A série “Missão: Impossível” viveu por um tempo de altos, baixos e uma reputação morna no geral. Depois de um primeiro filme que se tornou um clássico instantâneo dos gênero Ação por vários motivos, seja por uma cena específica ou a música tema, houve um segundo que falhou feio na tentativa de manter o nível de antes e um terceiro que, no geral, não é muito marcante. As coisas começaram a mudar no quarto filme, “Ghost Protocol“, que mesmo não sendo incrível já faz muito para repaginar a série e abrir caminho para a sequência de grandes obras que começa com “Rogue Nation” e atinge seu ápice em “Fallout“. A conclusão da série vem agora em duas partes, ambas dirigidas pelo diretor dos dois predecessores, Christopher McQuarrie, começando com o muito satisfatório “Dead Reckoning Part One”.
Uma arma nova está solta pelo mundo. Ela é conhecida apenas como “A Entidade” e até agora apenas demonstrou seu poder sem tomar lados, sem causar danos a ninguém e sem um propósito. Mas essa Entidade possui seus próprios objetivos e não é tão passiva quanto pode-se ter acreditar. Todas as nações sabem de seu potencial: quem dominar tal arma, dominará o mundo inteiro automaticamente. Não demora para começar uma corrida pela ferramenta necessária para subjugar a Entidade e a IMF logo se envolve também, com Ethan Hunt (Tom Cruise) indo contra ordens para evitar que qualquer homem tenha tanto poder em suas mãos.
“Mission: Impossible – Fallout” foi uma grande surpresa. Na verdade, não só por ser apenas um bom filme, já que o anterior havia sido um tanto melhor que seu predecessor, foi mais o fato de elevarem ainda mais o nível e entregarem o que para mim foi o melhor filme do ano. Parecia um bom ponto para encerrar a série em alta e aposentar Ethan Hunt. Então foi anunciado que haveriam mais dois filmes ainda e confesso que não fiquei muito animado. Pareceu que queriam estender o sucesso não só mais uma vez, mas duas vezes para tirar todo o dinheiro possível da série. Então em algum ponto do caminho foi dito que seriam duas partes de uma mesma história e ao menos um quê de curiosidade surgiu pelo que poderia vir. Talvez um último pique com mais ambição do que nunca. Por que não encerrar com o maior orçamento de toda a série e um dos maiores da história do cinema?
Ao mesmo tempo que é uma surpresa ver uma sétima produção ter tanto sucesso quanto esta, não é tanta surpresa quando se leva em conta que é a mesma equipe criativa desde o quinto filme ou, pelo menos, Christopher McQuarrie continua no centro de tudo como diretor e roteirista.
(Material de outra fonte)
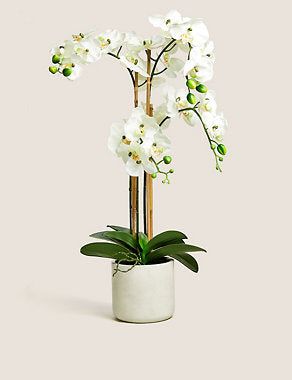 Artificial Extra Large Orchid - White Mix, None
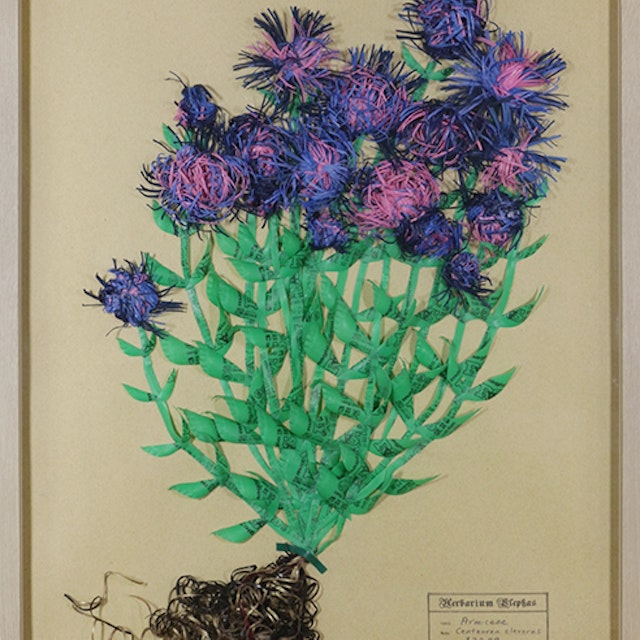 Armiceae Centaurea cleverus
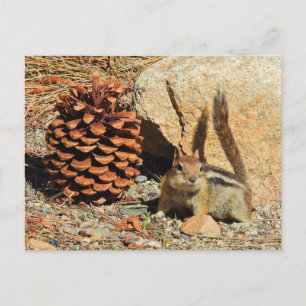 Chipmunk, wild lebende Tiere, Postkarte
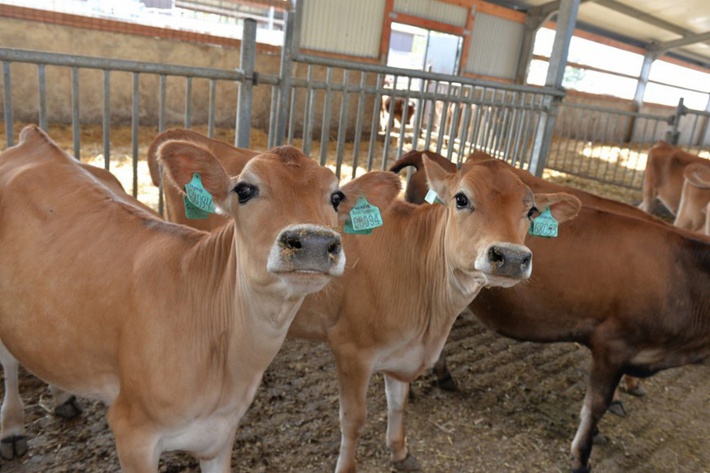 d3d3lnnkzwxhbm91bmfzlnj1l3vwbg9hzhmvny8ylzcymje0nziymjg2ntlfb3jpzy5qcgvnp19fawq9odiynzi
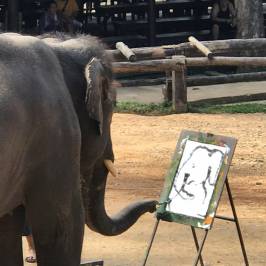 Maesa Elephant Camp
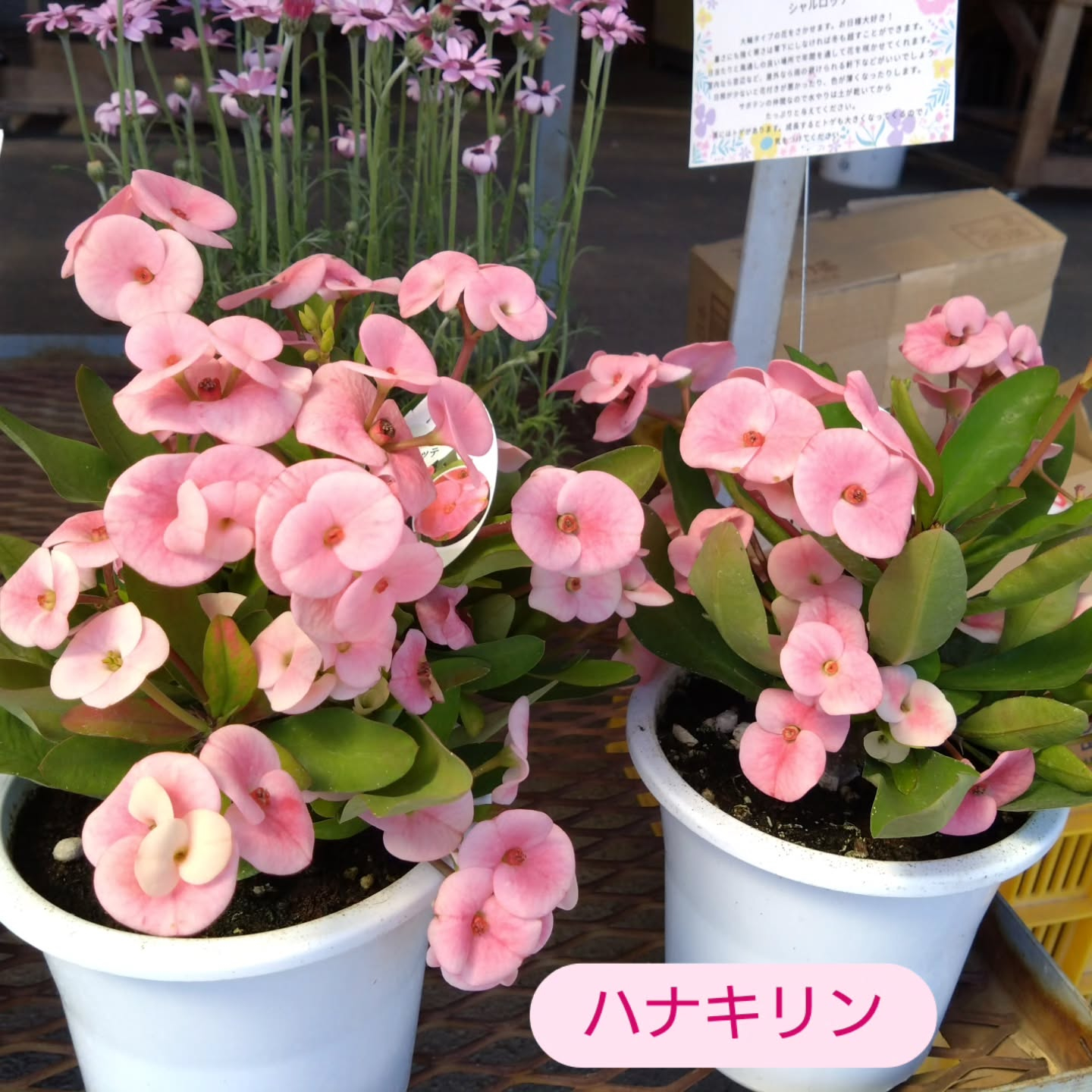 ねこの草入りました😺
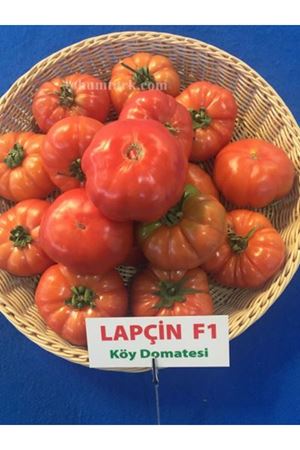 Lapçin F1 Yarı Sırık Köy Domatesi Tohumu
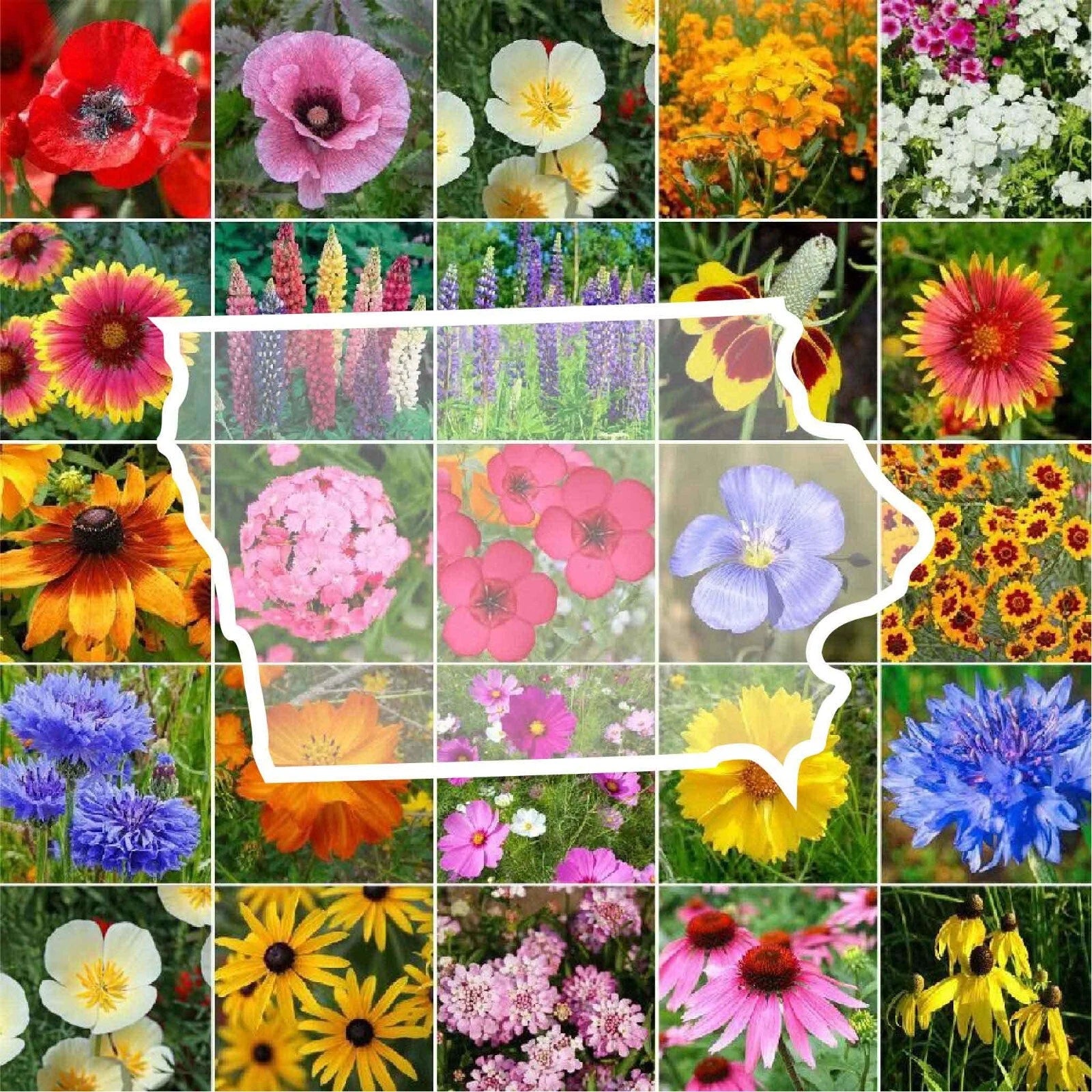 Wildflower Seed Mix - Iowa State Flower, Perennials & Annuals, Non-GMO, 1000 Seeds, USA Native Wildflowers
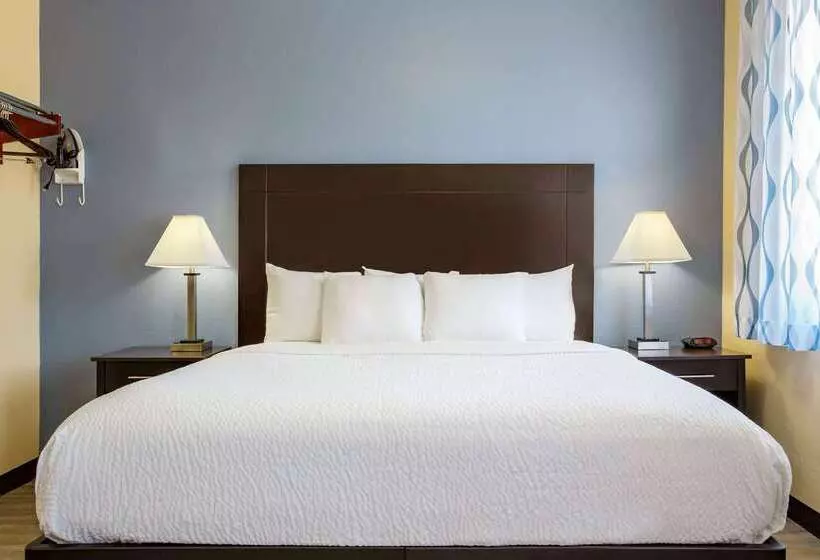 هتل Days Inn & Suites By Wyndham Dfw Airport South Euless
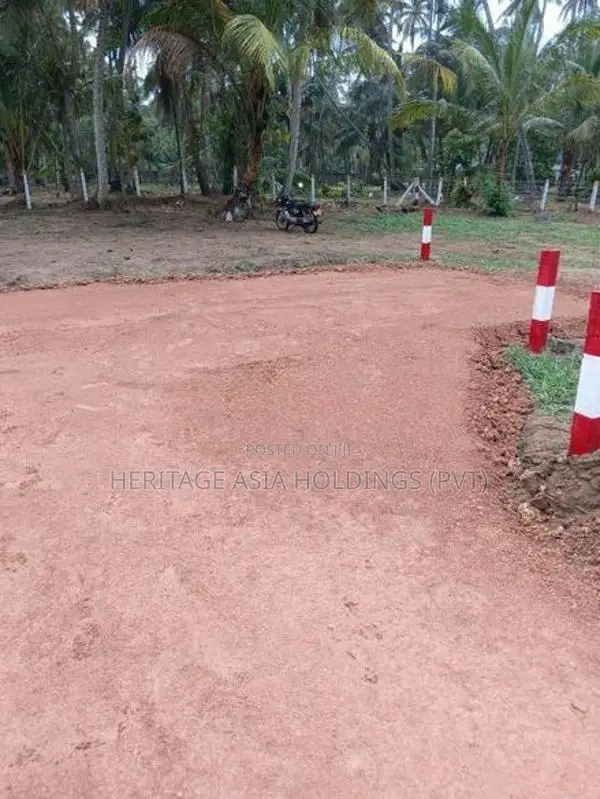 ඉඩමක් - හලාවත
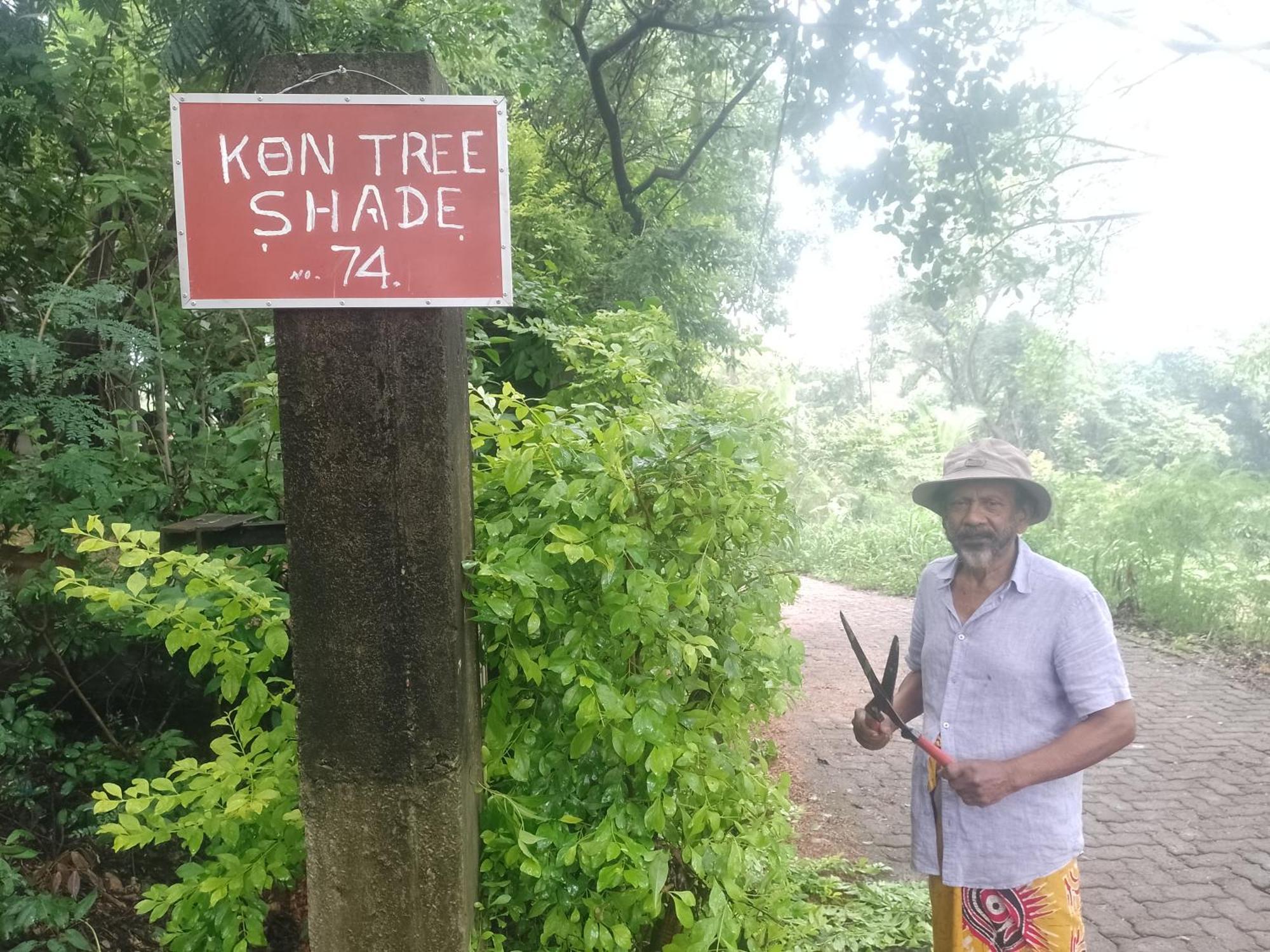 Kon Tree Shade Daire Dambulla Dış mekan fotoğraf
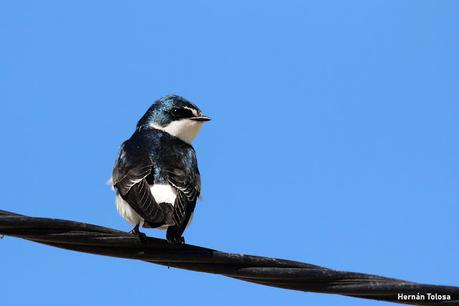 Laguna de Navarro (septiembre  2025)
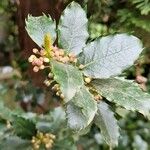 Ilex meserveae Blatt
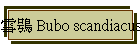 雪鴞 Bubo scandiacus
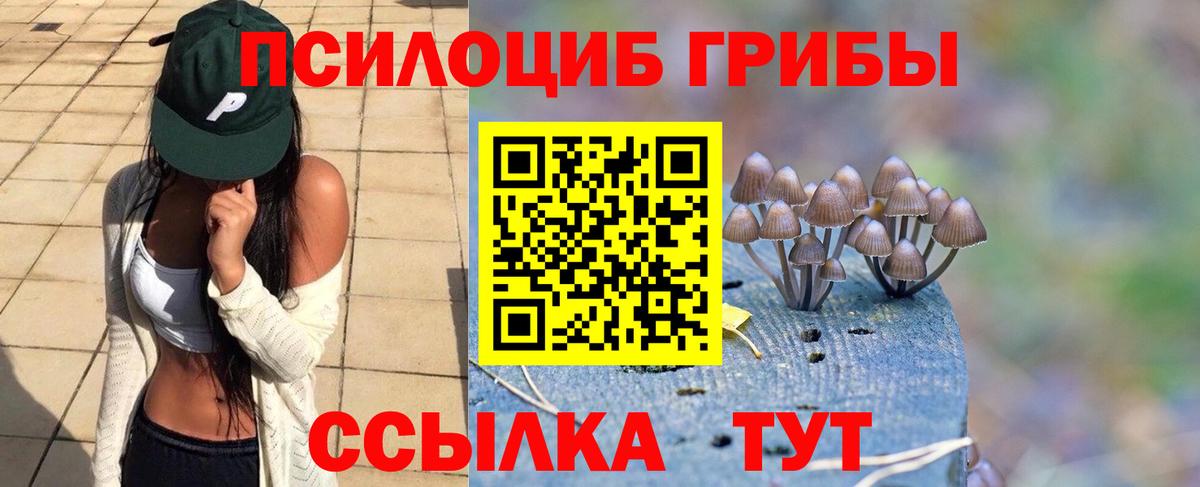 Галлюциногенные грибы MAGIC MUSHROOMS  Вход с VPN  Галлюциногенные грибы MAGIC MUSHROOMS  Ивантеевка 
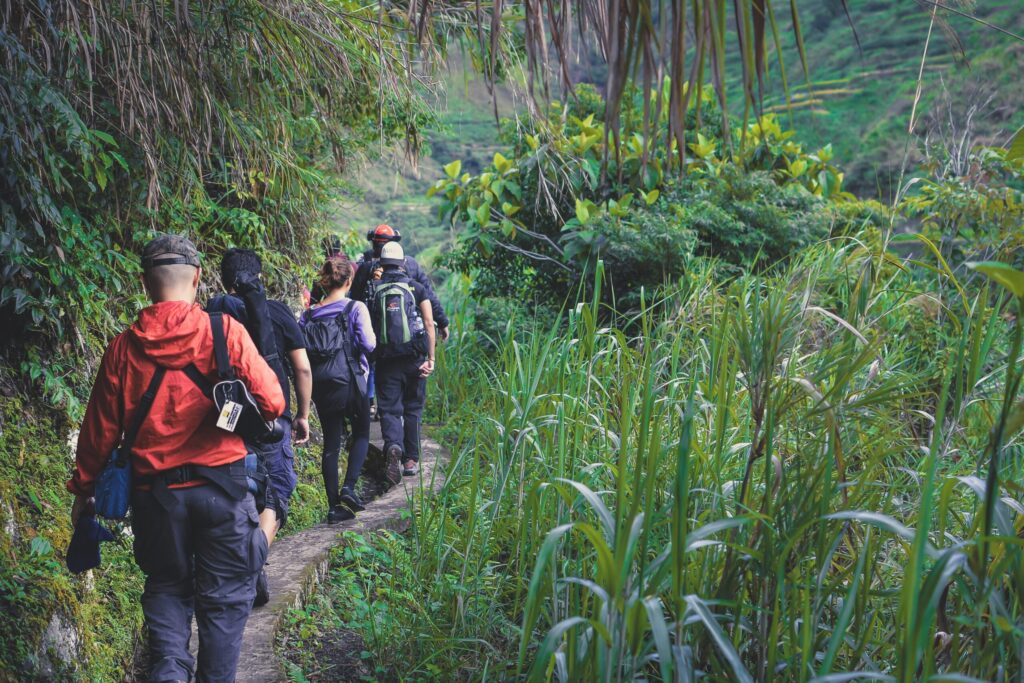 walking safari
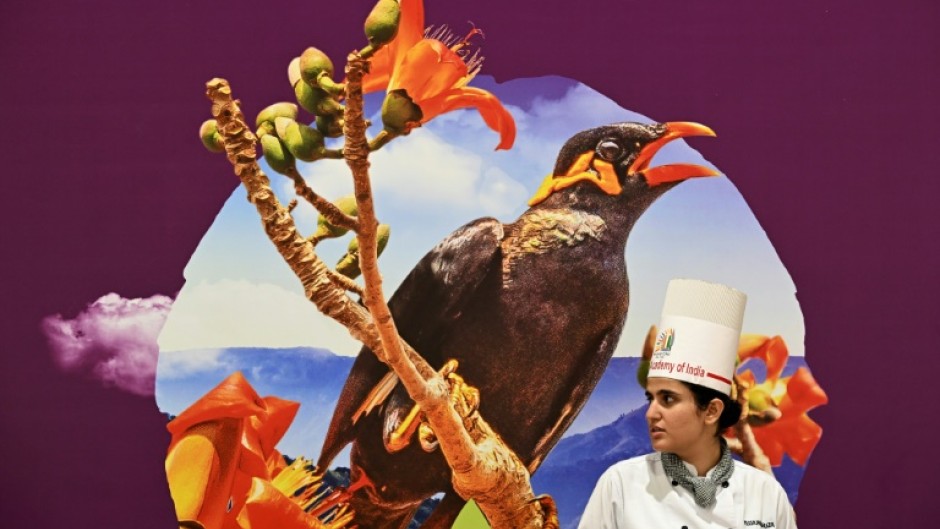 A chef in a venue used for the G20 Leaders' Summit in New Delhi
De qualquer forma, o frescor se mantém assim como a competência na execução deixa “Dead Reckoning Part One” numa posição difícil de criticar. Não se pode dizer que a obra é previsível e que está começando a entregar mais do mesmo. Talvez o intervalo de anos entre produções ajude nisso, embora eu aposte que tudo ser tão bem realizado tem muito mais peso nessa questão. Nada como uma combinação de roteiro e direção para transformar até a mais simples premissa numa experiência empolgante.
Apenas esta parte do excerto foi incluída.